Buffon Hengkang dari PSG karena Emoh Jadi Kiper Cadangan

REKANBOLA – Penjaga gawang asal Italia, Gianluigi Buffon, blak-blakan bicara soal alasannya meninggalkan Paris Saint-Germain (PSG). Buffon mengaku pilih pergi karena tak mau diplot menjadi kiper cadangan pada musim depan.

Petualangan Buffon di klub raksasa Prancis itu hanya berlangsung selama semusim. Dia memilih tak meneken kontrak baru setelah kesepakatannya dengan PSG rampung pada akhir musim 2018-2019.

Menurut Buffon, sudah sejak beberapa bulan lalu dirinya diberi tahu akan diplot sebagai kiper kedua mulai musim depan. Opsi tersebut tak membuat Buffon tertarik, sehingga memilih pergi.

“PSG sudah memberi tahu saya lima bulan lalu bahwa pada akhir musim saya akan diberi peran sebagai kiper kedua. Sejak Januari saya punya banyak waktu berpikir dan mendapat kesimpulan peran itu bukan untuk saya. Saya melepas kesempatan mendapat banyak uang dan memilih opsi lain untuk tahun depan,” kata Buffon, seperti dilansir Football Italia, Minggu (16/6/2019).

“Permintaan mereka legal, bisa dimengerti, dan penawaran mereka menarik. Pada usia 41 tahun, saya punya kebutuhan psikologis untuk merasakan sensasi. Emosi yang berubah menjadi energi, impian, rasa bahwa diri Anda bagian dari sesuatu. Ini juga pilihan yang tak pernah berhubungan dengan masa lalu saya di Juventus,” imbuh mantan pemain Juventus dan kiper legendaris Timnas Italia tersebut.
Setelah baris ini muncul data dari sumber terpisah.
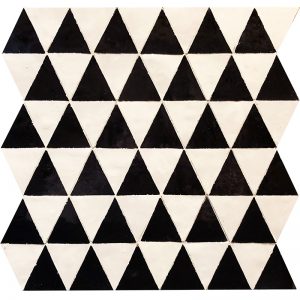 zellige triangle noir et blanc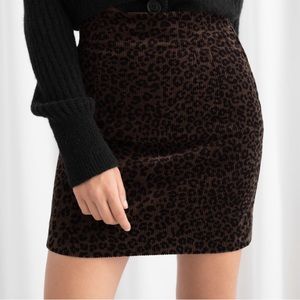 & other stories leopard printed corduroy high wasted mini skirt NWOT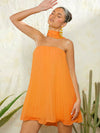 Elegant Haute Neck Tie Pleated Dress - Perfect for Any Occasion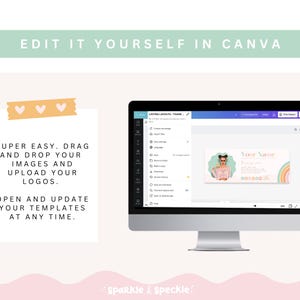 May include: A computer screen displaying a Canva design template for a birthday invitation. The template features a rainbow design with the text "Your Name" and "You're Invited".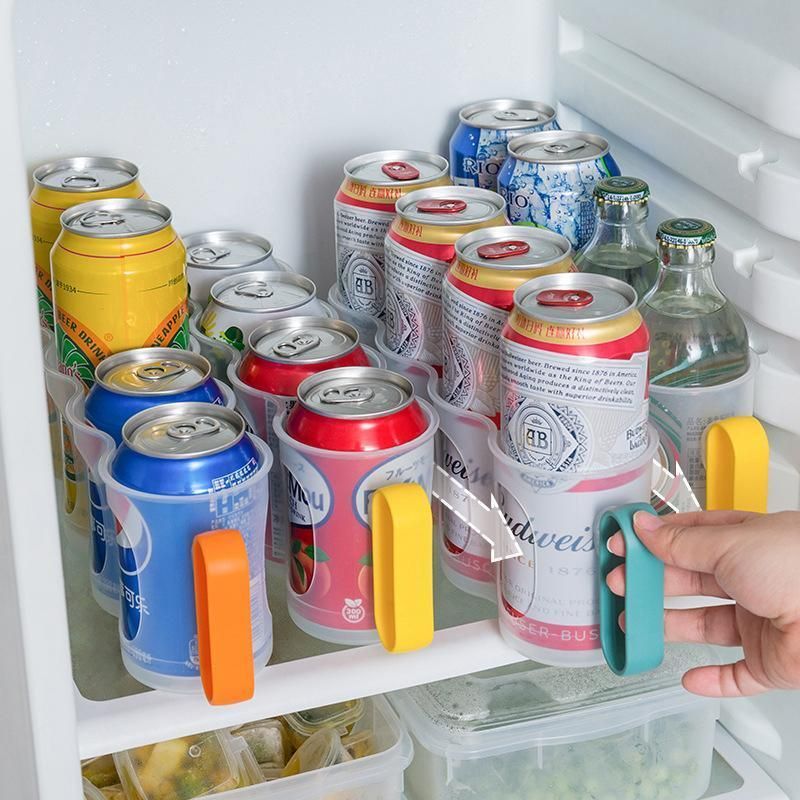 Beer Soda Can Storage Holder Kitchen Fridge Space Saver Rack Organizer 1-3PCS - Orange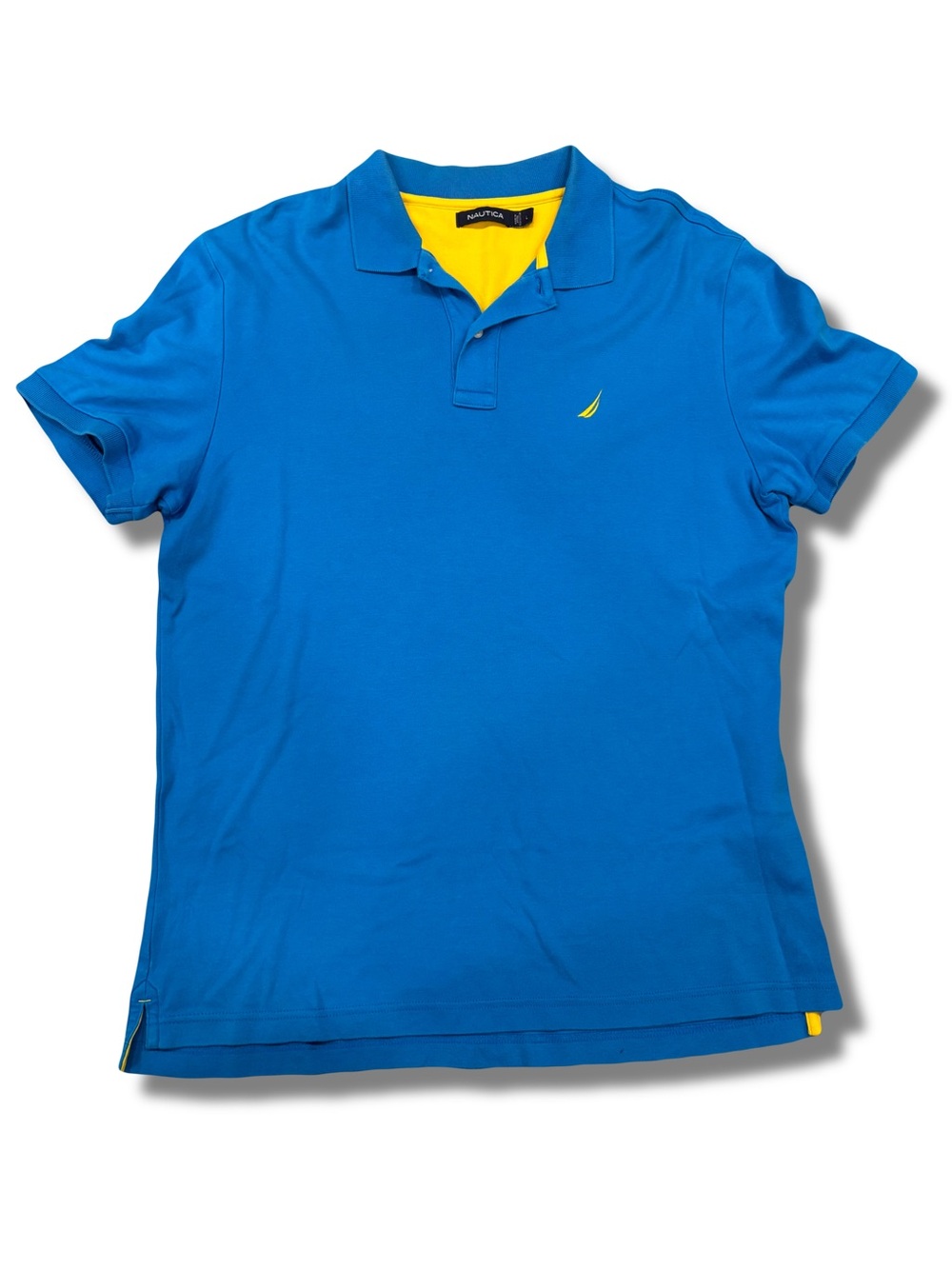 Nautica Men's Solid Blue Polo Shirt Large Short Sleeve 100% Cotton Logo Accent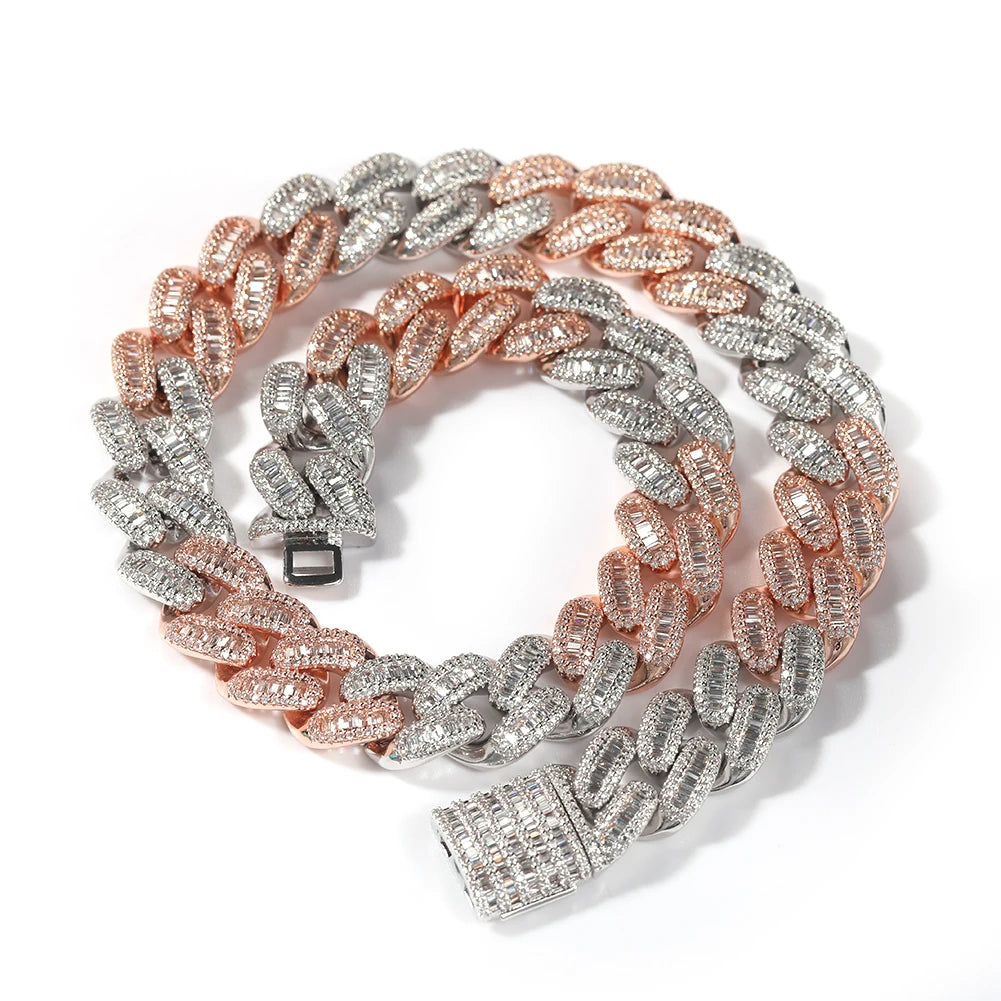Iced Out Baguette Cuban Link Chain Necklace – Baguette-Stone Links with Pavé Borders & Box Clasp | Gold, Silver & Mixed-Metal Options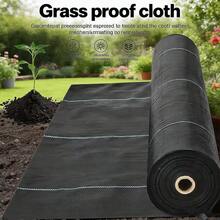 1 pieza Tela transpirable anti-hierba, tela de barrera de alta resistencia, estera de control de paisaje de jardín premium, duradera para jardín, patio, macizos de flores - 1 pieza negro - Ver 1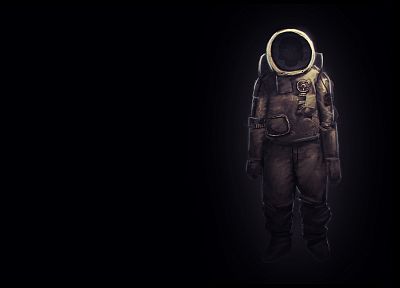 астронавты, скафандры, произведение искусства, темный фон - случайные обои для рабочего стола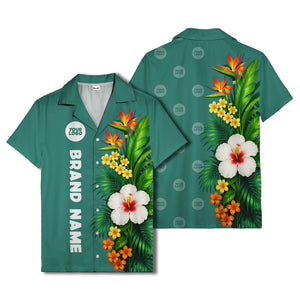 bird of paradise & hibiscus hawaiian shirt with palm leaves
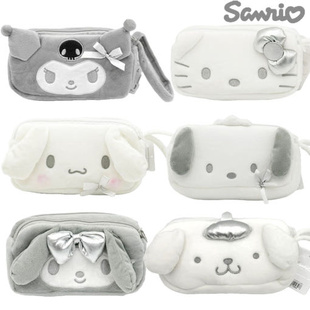 韩国代购三丽鸥银色kitty美乐蒂玉桂狗大容量毛绒笔袋化妆收纳包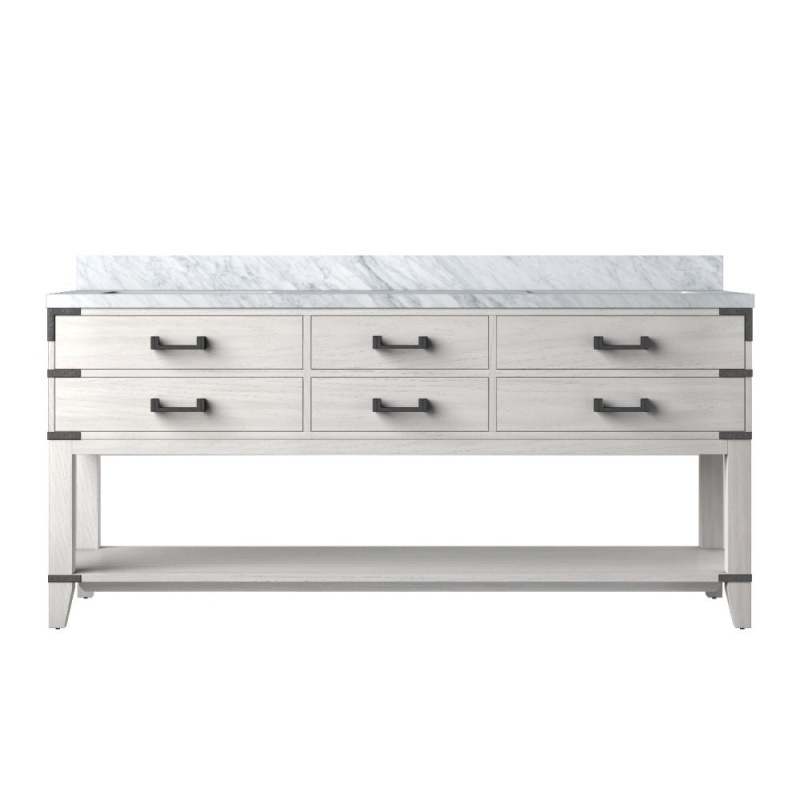 Norwalk White Oak Wood Freestanding Double Sink Bathroom Vanity With Carrara Marble Top - 72" - White Oak
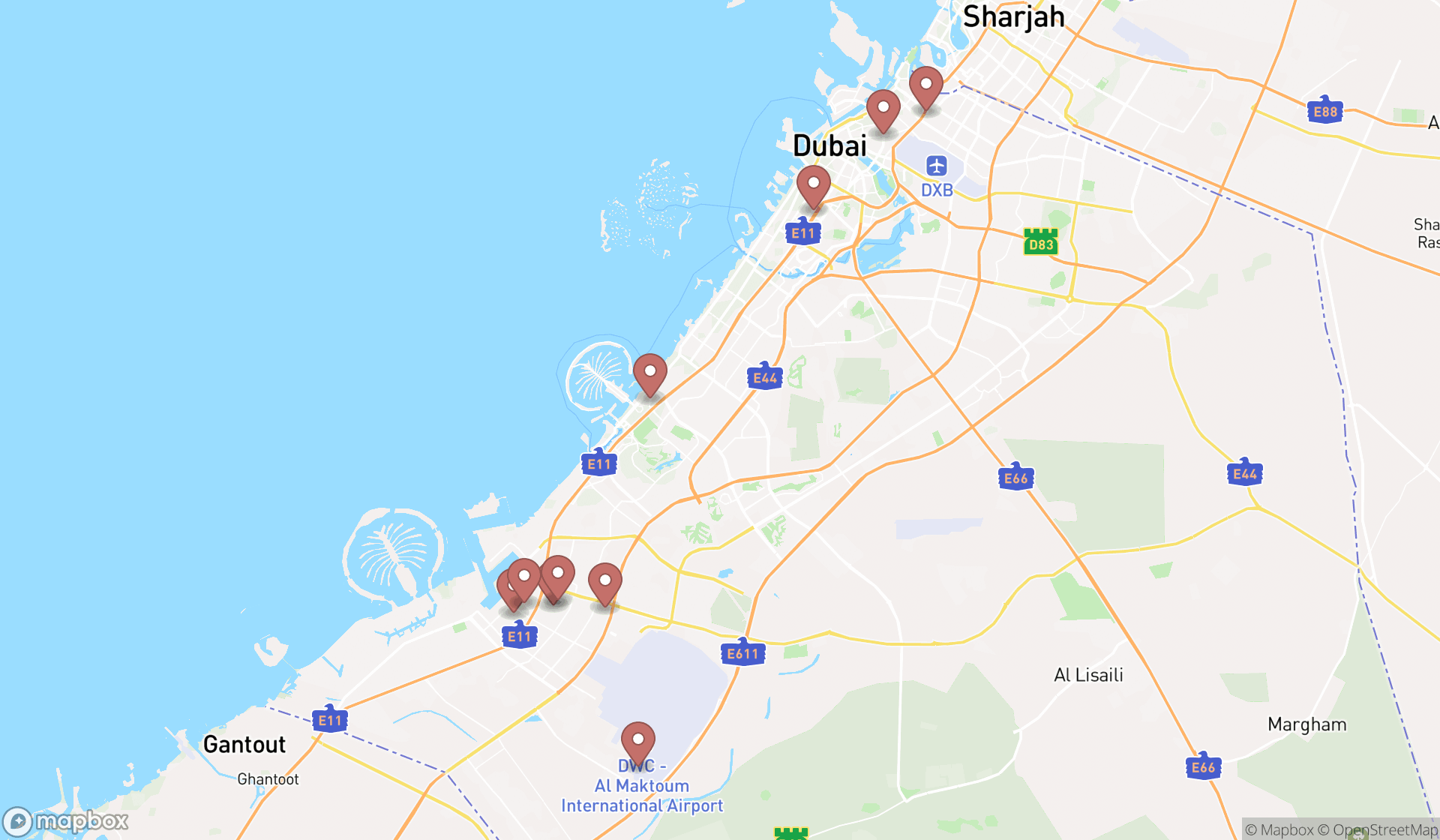 Map showing the ranked aerospace companies in Dubai, Dubai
Buffon mengaku sudah menerima beberapa tawaran menarik dari klub-klub, tanpa menyebutkan dengan detaill. Tapi, dia tak menutup kemungkinan tak akan mengambil tawaaran itu hingga setahun ke depan.

“Saya menerima beberapa tawaran yang menyenangkan. Tapi, jika saya kurang tahu apa yang dicari, mungkin saya memberi hadiah berupa setahun untuk diri sendiri, sepenuhnya. Satu tahun untuk belajar,” kata Gianluigi Buffon.